Accordingly a few laying hens would be carried in cages, and if one of the biddies gave up at her appointed task she would promptly be stewed. It often happened that a ship would arrive at a far port with the hens' pen empty. Whereupon the mate would cast about and pick up a new supply of hens, and in this way the poultry of the wide world became established in Maine. Vessels returning from the China Seas would have Asiatic breeds, those from the Mediterranean would have birds from there. Mainers thus became poultry fanciers , and at one time we had many annual poultry shows with prize birds of dozens of breeds crowing and cackling to amuse the crowds who came to see them.
But there was one breed which was known as the American Dominique -- a smallish speckled hen that was not supposed to have a foreign origin. Some went so far as to call the Dominique "the only domestic bird." Then hen laid a medium sized brown egg, and kept at it rather well. The cock was really quite handsome. He didn't have the regular markings seen on a Barred Plymouth Rock (a bird said to derive from the Dominique) but was lacy. His tail had long sickle feathers that frequently trailed on the ground. My father fancied the Dominique , had a substantial flock of them, sold breeding birds, and exhibited in every poultry show he heard about. He had a trunk full of ribbons, and shelves lined with silver cups.

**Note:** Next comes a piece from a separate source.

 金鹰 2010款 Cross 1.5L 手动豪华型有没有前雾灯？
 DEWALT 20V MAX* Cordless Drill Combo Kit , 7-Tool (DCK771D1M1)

The year he exhibited at Madison Square Garden was a triumph. He crated up a "pen," which is a poultry show term for four females and a rooster exhibited together, and shipped it off by rail express to Manhattan.In due time the birds all came back, and he was notified of the results. He had taken first prize for American Dominique pen (his were the only Dominiques in the show) but this hollow victory was compensated for by a real success -- his rooster was judged "best bird in show." I remember how we children stood and looked at this paragon after he had been dumped back in the barnyard, and were all so proud to know something that had been to New York.
As I remember, the cash premium for best bird in show was five dollars, but a special premium of a twenty dollar hat had been offered by the Knox people. We could get perfectly good hats at that time at Raymond's for ninety-eight cents, so a twenty dollar hat was really something. It was. When it came it was a beaver, and our town had never seen anything so handsome. When Dad broke it out to go to Masons, he looked more like a million. It was like a Rolls -- if you have one you'll never need another. It was my father's last hat, although he was then a young man and was to reach his late eighties.